Primeiro, em Yitrô, houve asseret hadibrot, os “Dez Pronunciamentos”,
ou princípios gerais. Agora em Mishpatim vêm os detalhes.
Eis aqui como eles começam:
Se você comprar um servo hebreu, ele deve servi-lo por seis anos,
porém no sétimo ano, ele deve ser libertado, sem pagar nada…
Porém se o servo declarar: “Gosto do meu amo e minha esposa
e filhos não desejam ser libertados,’ então o amo
deve aceitá-lo perante os juízes. Deve levá-lo até
a porta ou batente e furar sua orelha com um furador. Então ele
será seu servo por toda a vida...
(Shemot 21:2-6)
Há uma questão óbvia. Por que começar aqui?
Há 613 mandamentos na Torá. Por que Mishpatim, o primeiro
código de lei, começa neste ponto?
A resposta é igualmente óbvia. Os israelitas tinham acabado
de passar pela escravidão no Egito. Deve haver uma razão
para isso ter acontecido. Séculos antes Ele já tinha dito
a Avraham que isso iria acontecer: Quando o sol estava se pondo, Avraham
mergulhou num sono profundo, e uma escuridão densa e assustadora
caiu sobre ele. Então o Eterno lhe disse: “Saiba com certeza
que durante quatrocentos anos seus descendentes serão estranhos
num país que não lhes pertence e que eles serão escravizados
e maltratados ali. (Bereshit 15:12-13)
Parece que esta era a necessária primeira experiência dos
israelitas como nação. Desde o início da história
humana, o D'us da liberdade forneceu o livre arbítrio para os seres
humanos livres, mas uma após a outra as pessoas abusaram dessa
liberdade: primeiro Adam e Eva, depois Caim, depois a geração
do Dilúvio, então os construtores de Babel.

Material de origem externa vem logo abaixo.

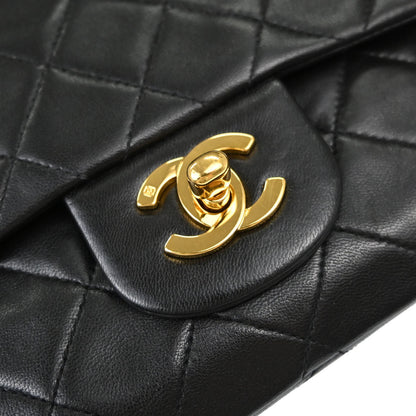 Chanel Black Lambskin Small Double Flap Shoulder Bag
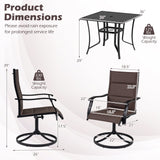 5 Pieces Outdoor Dining Set with 4 Swivel Chairs and 36 Inch Square Patio Table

D'us começou novamente, dessa vez não com toda a humanidade,
mas com um homem, uma mulher, uma família, que se tornariam pioneiros
da liberdade. Mas a liberdade é difícil. Nós a buscamos
para nós mesmos, mas a negamos a outros quando a liberdade deles
conflitua com a nossa. Tão profunda é essa verdade que dentro
de três gerações dos filhos de Avraham, os irmãos
de Yossef quiseram vendê-lo como escravo: uma tragédia que
não terminou até que Yehuda estivesse preparado para perder
a própria liberdade a fim de que seu irmão Benyamin pudesse
ficar livre.
Foi preciso a experiência coletiva dos israelitas, sua experiência
amarga, profunda, íntima, pessoal, da escravidão –
uma lembrança que foram ordenados a jamais esquecer – para
transformá-los num povo que não mais entregaria seus irmãos
e irmãs como escravos, um povo capaz de construir uma sociedade
livre, a mais difícil de todas as conquistas no âmbito humano.

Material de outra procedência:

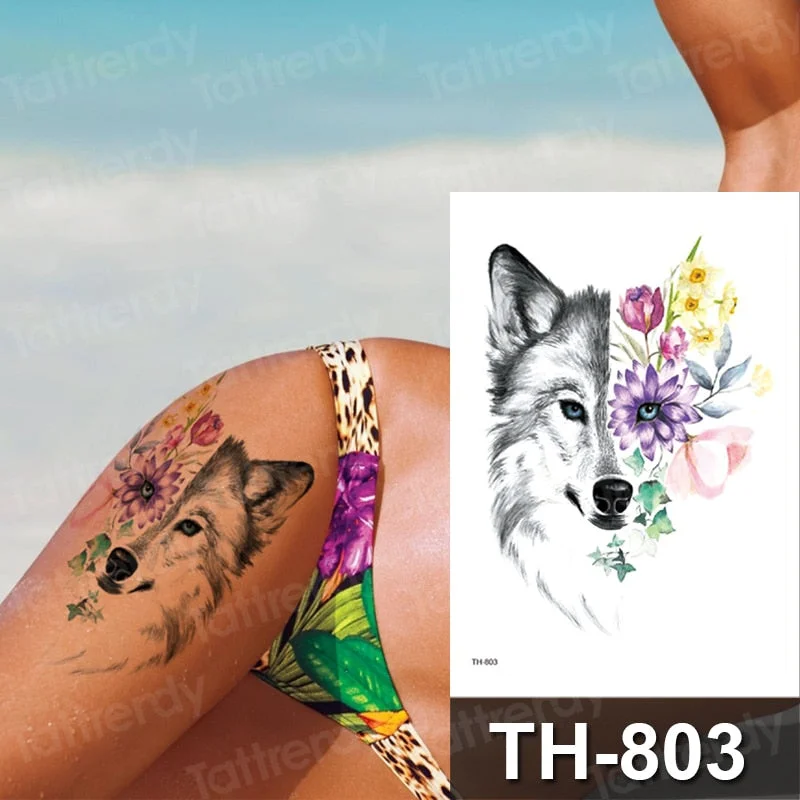 sexy temporary tattoo flower swallow fish tattoo watercolor stretch flower tattoo designs animals waterproof tatoo fake body art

Portanto não admira que as primeiras leis ordenadas após
o Sinai estivessem relacionadas à escravidão.
Teria sido uma surpresa se fossem sobre qualquer outra coisa.Mas agora
vem a verdadeira questão. Se D'us não deseja a escravidão,
se Ele a considera uma afronta à condição humana,
por que Ele não a aboliu imediatamente? Por que permitiu que continuasse,
embora de maneira restrita e regulada? É concebível que
D'us, que pode produzir água de uma pedra, maná do céu,
e transformar o mar em terra seca, não possa mudar o comportamento
humano? Existem áreas nas quais o Todo Poderoso é, por assim
dizer, impotente?
Em 2008 o economista Richard Thaler e o professor de lei Cass Sunstein
publicaram um livro fascinante chamado Nudge. Nele eles abordam um problema
fundamental na lógica da liberdade. Por um lado a liberdade depende
em não legislar demais. Isso significa criar espaço dentro
do qual as pessoas têm o direito de escolher por si mesmas.

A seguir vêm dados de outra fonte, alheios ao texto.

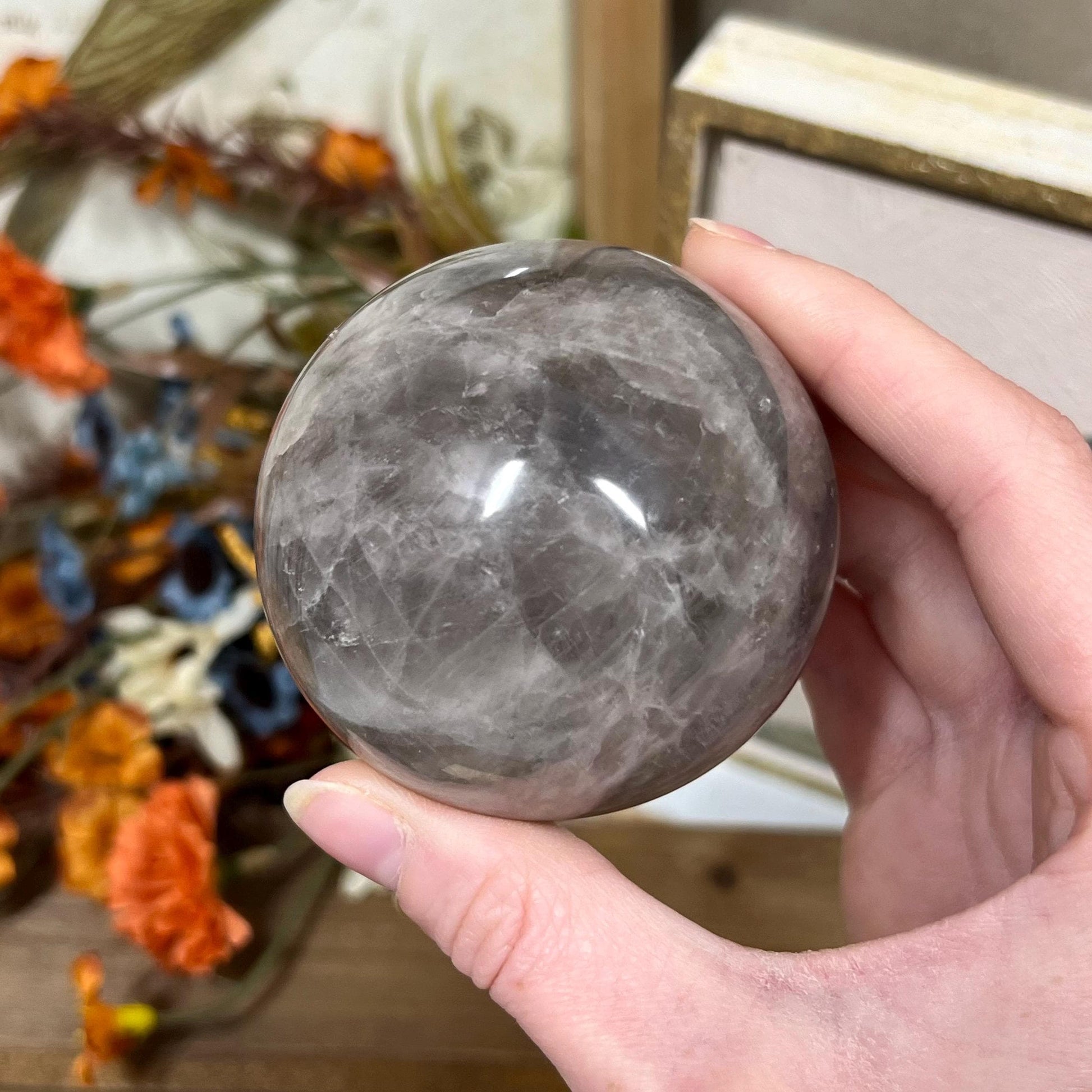 Blue Rose Quartz Sphere | Girasol Quartz | Smoky Quartz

Por outro lado, sabemos que as pessoas nem sempre farão as escolhas
certas. O modelo antigo no qual a economia clássica era baseada,
de que deixadas por si mesmas as pessoas farão escolhas racionais,
acabou não sendo verdadeiro. Somos profundamente irracionais, uma
descoberta para a qual diversos acadêmicos judeus fizeram importantes
contribuições. Os psicólogos Solomon Asch e Stanley
Milgram mostraram o quanto somos influenciados pelo desejo de nos conformar,
mesmo quando sabemos que outras pessoas erraram. Os economistas israelenses,
Daniel Kahneman e Amos Tversky, mostraram como até quando tomamos
decisões econômicas com frequência calculamos mal seus
efeitos e deixamos de reconhecer nossas motivações, descoberta
pela qual Kahneman ganhou o Prêmio Nobel.
Como então você impede as pessoas de fazerem coisas prejudiciais
sem tirar a liberdade delas?
A resposta de Thaler e Sunstein é que há maneiras disfarçadas
pelas quais você pode influenciar as pessoas. Numa lanchonete, por
exemplo, você pode colocar comida saudável ao nível
da visão, e junk food num local menos acessível e menos
perceptível. Você pode ajustar sutilmente aquilo que eles
chamam de “arquitetura da opção” das pessoas.
Isso é exatamente o que D'us faz no caso da escravidão.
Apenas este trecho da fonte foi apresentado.